This is not correct. There are clear instructions on how a 4-way stop should operate and its yielding to the right, if opposite cars are both moving forward, both can go, otherwise the car who has initiative has the right of way. Every driver must come to a complete stop.

This is true in every state.

https://www.nhtsa.gov/sites/nhtsa.gov/files/rightofwayrules....

> This is not correct.

It is correct and is literally the first bullet on the pdf you linked. First to stop is first to go.

> This is not correct. There are clear instructions on how a 4-way stop should operate and its yielding to the right

Yielding to the right only applies if you stop at roughly the same time, otherwise first to stop goes first. It's the first bullet point in your link.
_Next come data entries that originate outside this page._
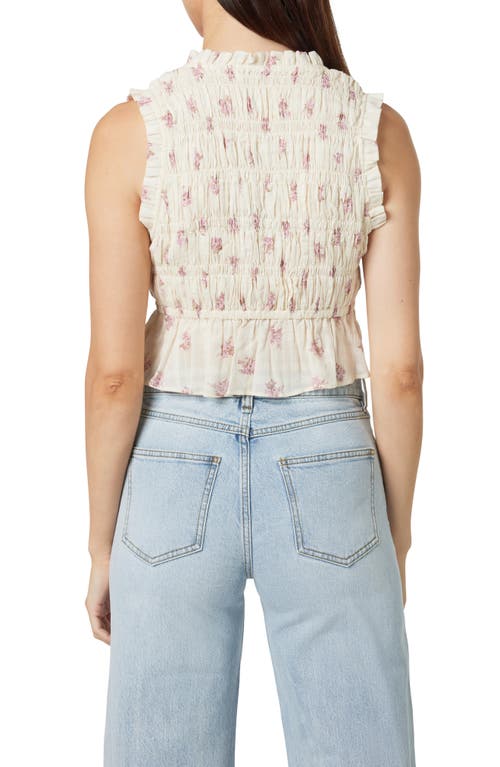Habitual Cotton Shirred Tie Front Top In Heather Rose/ivory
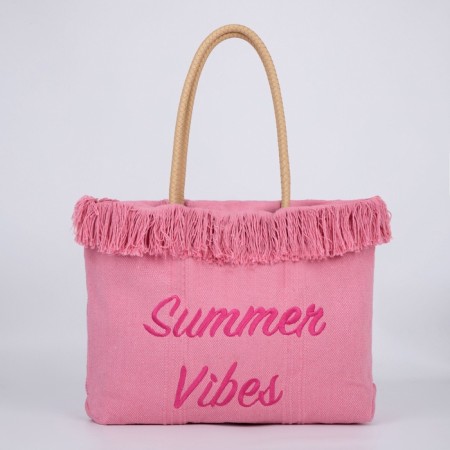 Bag - Shoper beach "Summer Vaib", 45x33x18 cm, pink color-4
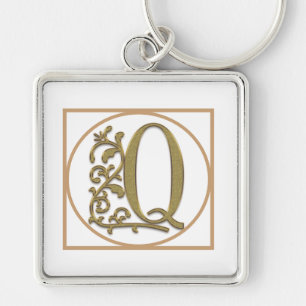 LETTER Q MONOGRAM Beautiful Wedding New Home Gift Key Ring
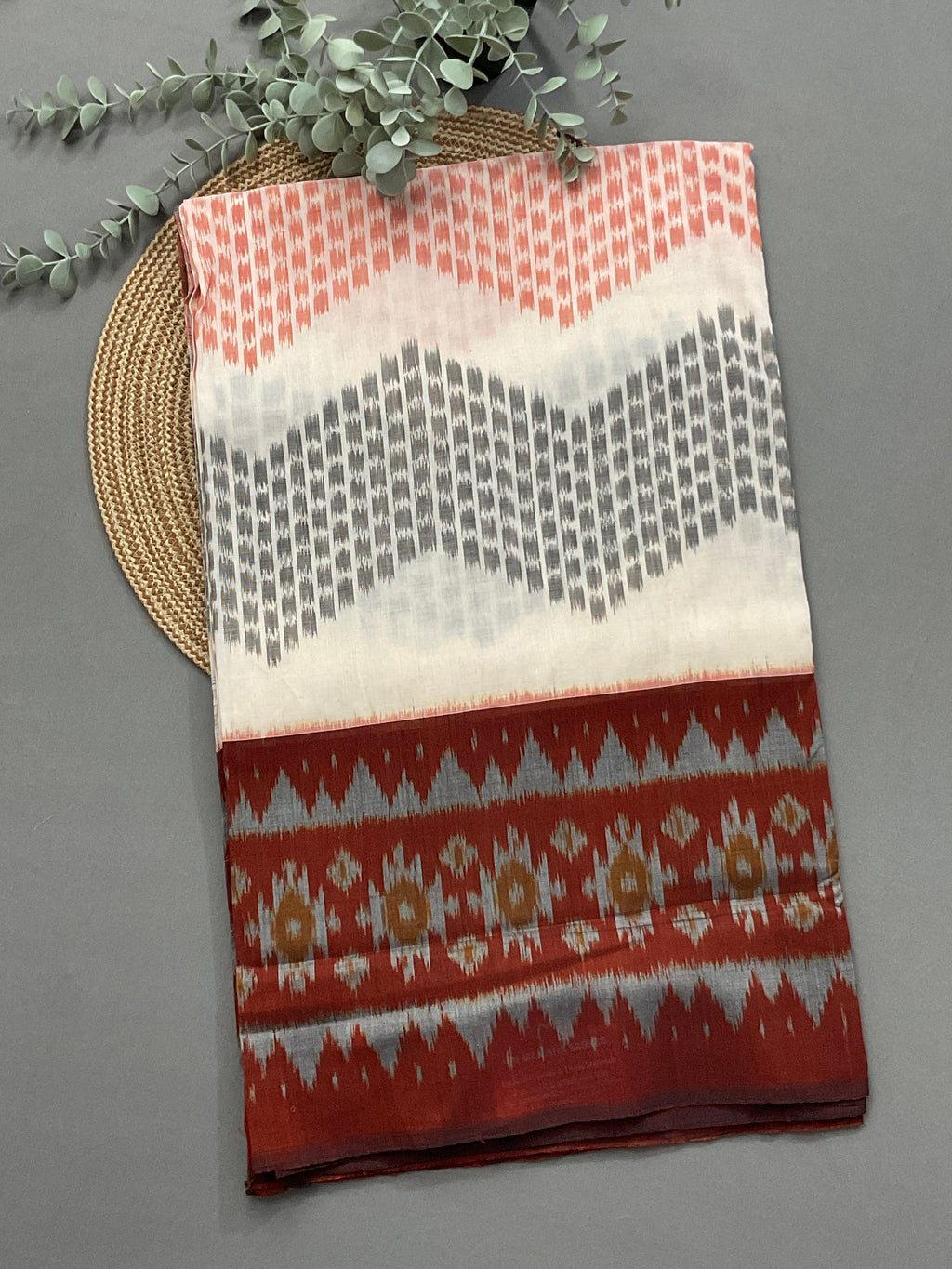 White Pochampally Handloom Cotton Saree – Ikkat Border with Brown Blouse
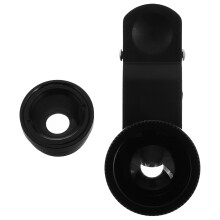 4Ensembles Lentilles Téléphone Clip Macro Fish-Eye Angle Large Noir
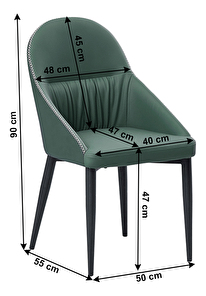 Jídelní židle Fosgen (zelená + kov)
I've met people like you at 4 way stop signs. It is never a fun time.

> right away

right of way

Or maybe they were going right away, taking the initiative and removing the ambiguity from the situation. =)

Having moved between states and taken a lot of drivers tests. I can say the exact rules are something that vary between states and over time. Including how it was taught.

My first drivers test was yield to the right. Later it was fifo order of who made it to the stop.

My running interpretation is fifo order with yielding to the right in case of ambiguity.

The point is, if many 4-way stops don’t have traffic at them, a stop/start becomes a perfunctory, dangerous habit.